Q : C’est quoi cette histoire d’angles de caméra fixes ? On est en 1996 ? R : Oui, et c’est génial. Les angles fixes, c’est l’essence même de la paranoïa. Si vous ne voyez pas ce qui fait ce bruit de succion immonde juste derrière l’angle de la caméra, vous flippez deux fois plus. Michael Cosio l’a bien compris et utilise ce procédé à merveille pour masquer ses pires créations jusqu’au tout dernier moment.
Q : Y a-t-il de l’action ou c’est juste de la fuite en pleurant ? R : Un peu des deux ! Le jeu commence comme une pure expérience de survie et d’exploration dans les bois de Rotwood. Mais une fois dans le manoir-laboratoire de Victor Ripper, vous allez devoir utiliser vos rares armes pour vous défendre tout en résolvant des énigmes bien tordues. Ne gaspillez pas vos balles sur les murs, vous le regretteriez très vite.

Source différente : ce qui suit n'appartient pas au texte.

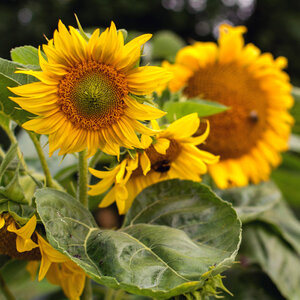 Sunflowers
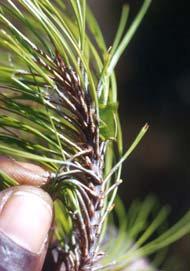 Eumastaceidae: Plagiotriptus (Manowia): a forest defoliator of C&E.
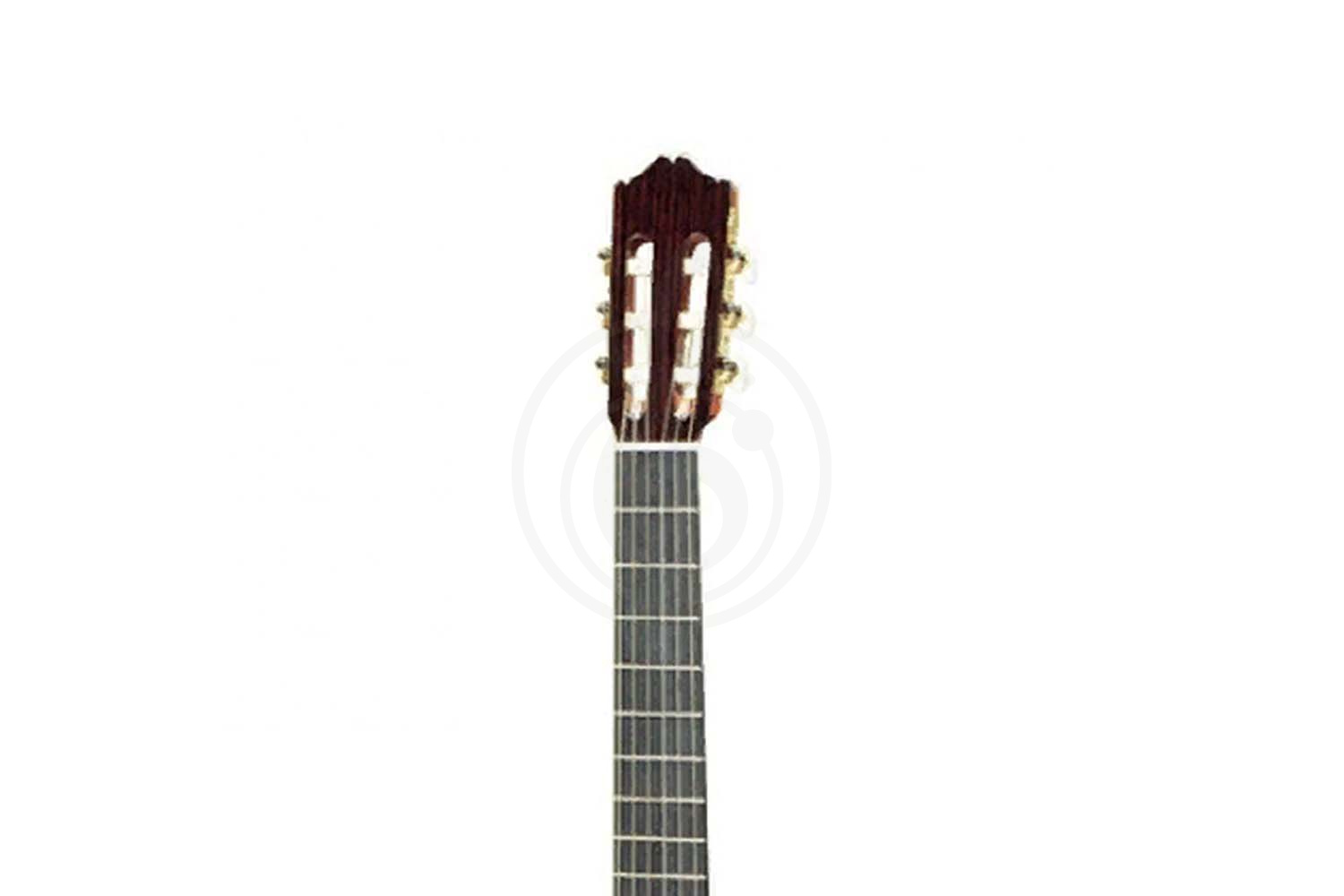 Классическая гитара 1/2 CUENCA R-10 REQUINTO 1/2 Гитара классическая - фото 3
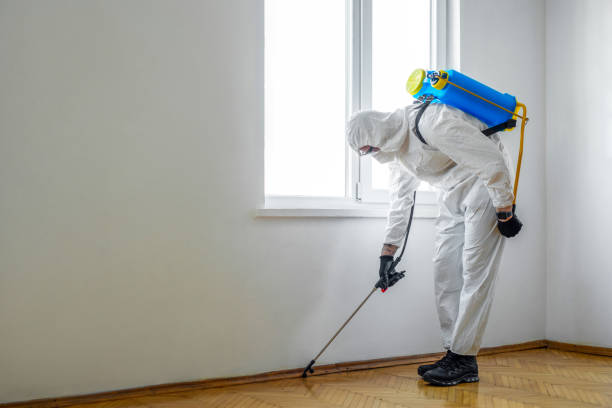 Best Emergency Pest Control  in Oradell, NJ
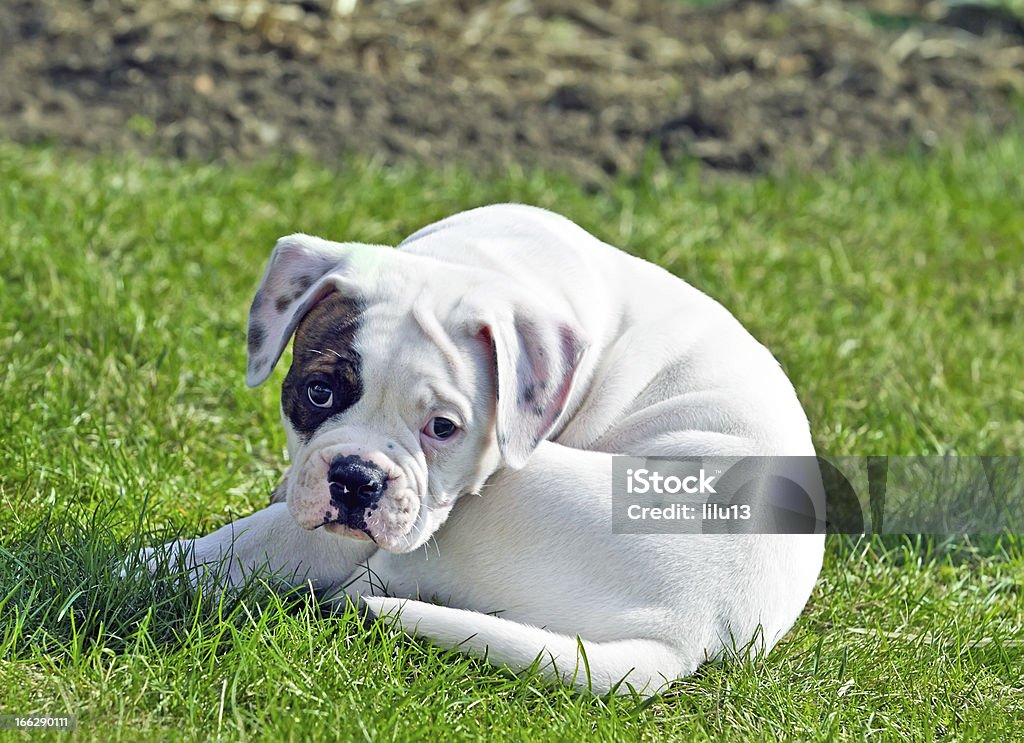 Pequena cachorrinho - Royalty-free Buldogue americano Foto de stock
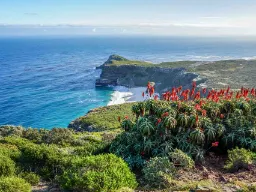Obszar Przylądka Dobrej Nadziei z czerwono kwitnącymi aloesami
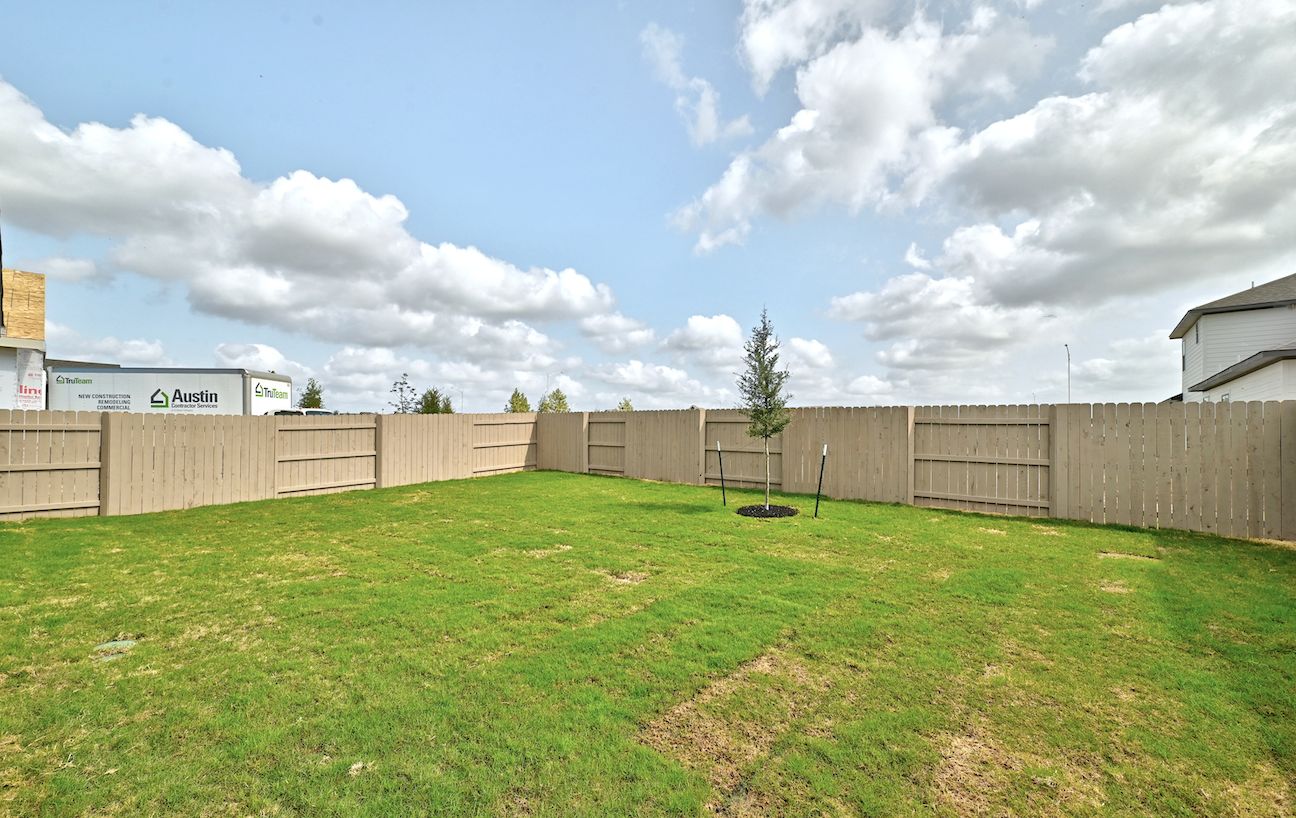 Backyard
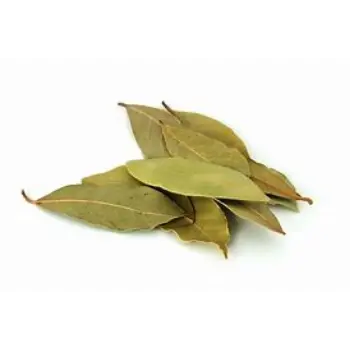 Bay Leaf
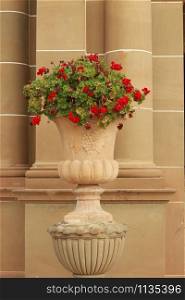 tall sandstone carved ornate heritage flower pots in the front of an ornate palace pillar detail with red geranium flowers overflowing over the sides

Q : Combien coûte cette sympathique séance de torture mentale ? R : À peine 17,99 €. C’est moins cher qu’une seule séance de psychanalyse (dont vous aurez pourtant bien besoin après avoir croisé les expériences de Victor) et cela offre une excellente rejouabilité grâce aux différents embranchements scénaristiques.
Q : Est-ce que la manette DualSense de la PS5 est bien exploitée ? R : Absolument. Grâce aux gâchettes adaptatives, vous ressentirez la dureté de la détente de chaque arme rouillée, et le retour haptique vous fera vibrer à chaque fois qu’un truc visqueux tentera de vous attraper par la cheville. On n’a jamais été aussi proche de toucher l’horreur du doigt.